About a century ago, Morrice left the University of Toronto with the law degree his father had insisted upon, and went to France where he became the painter he wanted to be. He took readily and quickly to the semi-bohemian artistic life of Paris and was soon friends of many of the painters, writers, and musicians there (he was an excellent flute player), many of them immigrants from the United States (Whistler, Somerset Maugham, Robert Henri), Ireland, England (Sisley), and elsewhere. The café society in which they all indulged could be found not just in Paris, but also along the Riviera in the south, or along the beaches and coastal towns of Brittany and Normandy.

This exceptionally fine pochade, with its vivacious colours and sparkling light, was one of Morrice's favourite methods of catching a moment when he saw something with particular intensity and immediacy. This rapid recording of a scene is one of the reasons these works have such vitality and energy.
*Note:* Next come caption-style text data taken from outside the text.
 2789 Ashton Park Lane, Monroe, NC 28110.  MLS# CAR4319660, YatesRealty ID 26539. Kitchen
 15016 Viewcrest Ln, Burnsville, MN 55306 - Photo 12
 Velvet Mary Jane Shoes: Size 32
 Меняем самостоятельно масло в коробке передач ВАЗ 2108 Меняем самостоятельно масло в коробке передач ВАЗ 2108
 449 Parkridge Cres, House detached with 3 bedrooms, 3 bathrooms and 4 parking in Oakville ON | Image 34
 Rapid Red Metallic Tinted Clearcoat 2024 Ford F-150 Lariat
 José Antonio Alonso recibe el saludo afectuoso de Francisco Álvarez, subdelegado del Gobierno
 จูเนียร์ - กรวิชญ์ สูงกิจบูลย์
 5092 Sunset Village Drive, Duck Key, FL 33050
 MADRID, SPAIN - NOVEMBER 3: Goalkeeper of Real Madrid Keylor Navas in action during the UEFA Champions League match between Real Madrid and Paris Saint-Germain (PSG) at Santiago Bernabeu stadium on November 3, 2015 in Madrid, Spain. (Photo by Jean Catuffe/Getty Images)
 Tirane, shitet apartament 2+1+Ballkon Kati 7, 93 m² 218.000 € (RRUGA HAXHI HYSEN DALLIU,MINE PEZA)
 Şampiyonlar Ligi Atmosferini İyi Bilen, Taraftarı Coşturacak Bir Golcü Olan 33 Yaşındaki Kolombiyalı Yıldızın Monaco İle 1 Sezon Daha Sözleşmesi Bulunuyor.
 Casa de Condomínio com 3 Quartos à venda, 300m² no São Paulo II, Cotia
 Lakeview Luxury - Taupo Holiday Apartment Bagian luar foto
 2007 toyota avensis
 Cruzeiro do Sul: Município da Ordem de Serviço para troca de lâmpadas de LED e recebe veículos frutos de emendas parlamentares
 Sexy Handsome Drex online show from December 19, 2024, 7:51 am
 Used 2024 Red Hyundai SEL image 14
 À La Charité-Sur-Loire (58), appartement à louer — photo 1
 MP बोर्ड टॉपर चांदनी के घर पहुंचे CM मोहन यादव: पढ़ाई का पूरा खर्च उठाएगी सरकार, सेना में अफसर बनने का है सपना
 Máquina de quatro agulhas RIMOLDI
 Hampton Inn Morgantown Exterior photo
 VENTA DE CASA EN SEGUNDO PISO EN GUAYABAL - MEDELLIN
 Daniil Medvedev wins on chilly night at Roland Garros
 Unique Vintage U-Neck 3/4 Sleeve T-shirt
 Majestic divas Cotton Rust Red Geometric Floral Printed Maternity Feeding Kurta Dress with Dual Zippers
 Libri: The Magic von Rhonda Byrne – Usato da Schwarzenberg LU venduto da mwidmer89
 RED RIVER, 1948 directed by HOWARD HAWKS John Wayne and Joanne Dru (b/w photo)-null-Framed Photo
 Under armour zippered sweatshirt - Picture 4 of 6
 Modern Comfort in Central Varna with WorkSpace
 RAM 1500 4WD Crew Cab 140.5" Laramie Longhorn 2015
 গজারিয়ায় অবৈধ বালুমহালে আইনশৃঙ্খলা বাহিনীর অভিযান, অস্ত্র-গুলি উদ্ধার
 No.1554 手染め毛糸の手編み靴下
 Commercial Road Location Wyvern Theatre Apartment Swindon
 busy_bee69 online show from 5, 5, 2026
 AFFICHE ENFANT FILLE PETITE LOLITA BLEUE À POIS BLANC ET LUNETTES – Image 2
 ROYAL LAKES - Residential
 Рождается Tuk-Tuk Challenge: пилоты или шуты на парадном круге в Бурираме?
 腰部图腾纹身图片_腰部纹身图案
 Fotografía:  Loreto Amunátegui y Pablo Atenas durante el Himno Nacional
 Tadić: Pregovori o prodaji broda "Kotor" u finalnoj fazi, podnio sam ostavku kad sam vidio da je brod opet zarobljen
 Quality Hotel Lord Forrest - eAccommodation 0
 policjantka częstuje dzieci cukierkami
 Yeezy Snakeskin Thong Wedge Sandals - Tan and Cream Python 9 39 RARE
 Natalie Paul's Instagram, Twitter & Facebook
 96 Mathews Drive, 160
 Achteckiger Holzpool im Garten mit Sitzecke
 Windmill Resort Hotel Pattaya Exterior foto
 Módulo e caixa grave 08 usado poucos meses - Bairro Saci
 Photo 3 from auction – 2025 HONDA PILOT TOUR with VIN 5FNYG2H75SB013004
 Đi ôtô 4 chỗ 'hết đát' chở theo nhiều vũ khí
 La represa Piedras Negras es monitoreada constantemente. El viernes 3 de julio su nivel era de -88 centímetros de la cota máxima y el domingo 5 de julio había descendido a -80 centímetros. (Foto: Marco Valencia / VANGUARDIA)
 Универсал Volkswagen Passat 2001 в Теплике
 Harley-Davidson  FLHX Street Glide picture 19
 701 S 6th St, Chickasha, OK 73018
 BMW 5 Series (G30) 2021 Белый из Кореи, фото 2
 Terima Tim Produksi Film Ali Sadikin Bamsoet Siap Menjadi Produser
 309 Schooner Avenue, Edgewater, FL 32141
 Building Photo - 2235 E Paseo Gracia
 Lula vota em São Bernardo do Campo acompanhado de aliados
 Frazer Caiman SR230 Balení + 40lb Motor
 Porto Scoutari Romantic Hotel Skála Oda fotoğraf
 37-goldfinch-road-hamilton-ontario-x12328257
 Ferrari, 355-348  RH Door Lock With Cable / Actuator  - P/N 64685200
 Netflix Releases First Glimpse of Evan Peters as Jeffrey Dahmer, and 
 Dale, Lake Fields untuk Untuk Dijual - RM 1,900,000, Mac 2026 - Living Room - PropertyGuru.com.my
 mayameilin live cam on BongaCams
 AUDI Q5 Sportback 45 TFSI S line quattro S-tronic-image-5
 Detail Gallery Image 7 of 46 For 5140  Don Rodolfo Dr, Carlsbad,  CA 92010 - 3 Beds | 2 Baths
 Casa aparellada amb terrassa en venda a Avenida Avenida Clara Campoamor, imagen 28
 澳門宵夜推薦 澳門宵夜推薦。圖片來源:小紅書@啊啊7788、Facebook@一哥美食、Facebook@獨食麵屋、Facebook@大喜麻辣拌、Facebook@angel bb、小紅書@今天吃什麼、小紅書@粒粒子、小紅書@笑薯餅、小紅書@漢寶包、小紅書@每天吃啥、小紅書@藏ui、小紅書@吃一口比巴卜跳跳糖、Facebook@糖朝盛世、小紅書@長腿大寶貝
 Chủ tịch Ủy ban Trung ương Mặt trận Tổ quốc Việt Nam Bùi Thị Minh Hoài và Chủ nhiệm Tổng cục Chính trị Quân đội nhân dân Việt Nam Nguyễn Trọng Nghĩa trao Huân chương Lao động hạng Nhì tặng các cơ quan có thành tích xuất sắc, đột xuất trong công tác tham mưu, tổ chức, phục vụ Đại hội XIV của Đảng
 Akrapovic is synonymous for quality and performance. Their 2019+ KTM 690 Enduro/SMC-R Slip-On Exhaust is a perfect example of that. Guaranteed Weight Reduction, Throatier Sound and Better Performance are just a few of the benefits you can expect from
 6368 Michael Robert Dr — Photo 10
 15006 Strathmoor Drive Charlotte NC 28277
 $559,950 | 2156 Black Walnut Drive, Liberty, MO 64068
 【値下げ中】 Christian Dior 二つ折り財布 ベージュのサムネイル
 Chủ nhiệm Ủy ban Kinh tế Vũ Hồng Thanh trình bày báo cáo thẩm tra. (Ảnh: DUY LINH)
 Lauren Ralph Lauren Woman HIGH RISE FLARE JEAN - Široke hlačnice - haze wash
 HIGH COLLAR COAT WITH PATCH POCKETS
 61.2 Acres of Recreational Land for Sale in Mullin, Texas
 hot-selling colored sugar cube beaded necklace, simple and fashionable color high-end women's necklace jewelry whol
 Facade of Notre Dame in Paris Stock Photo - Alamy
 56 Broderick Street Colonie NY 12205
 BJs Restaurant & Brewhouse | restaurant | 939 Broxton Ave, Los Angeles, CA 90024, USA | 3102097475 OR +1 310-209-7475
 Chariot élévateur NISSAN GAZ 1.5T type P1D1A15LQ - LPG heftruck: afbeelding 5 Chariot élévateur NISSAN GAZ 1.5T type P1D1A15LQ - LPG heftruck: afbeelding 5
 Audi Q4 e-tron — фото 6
Morrice had an uncanny ability to compose quickly, leaving out and putting in the elements he wanted, getting exactly the right sense of how the light was falling, or catching the essence of a lady's gesture, or picking out a detail in the background. In this work he has compressed the quai-side café patrons into a brilliant composition, provided the harbour background with clarity, and bathed the whole in the bright sunlight of high summer.

We extend thanks to Lucie Dorais for her contribution to our research on this lot.  Dorais is currently compiling the catalogue raisonné for James Wilson Morrice.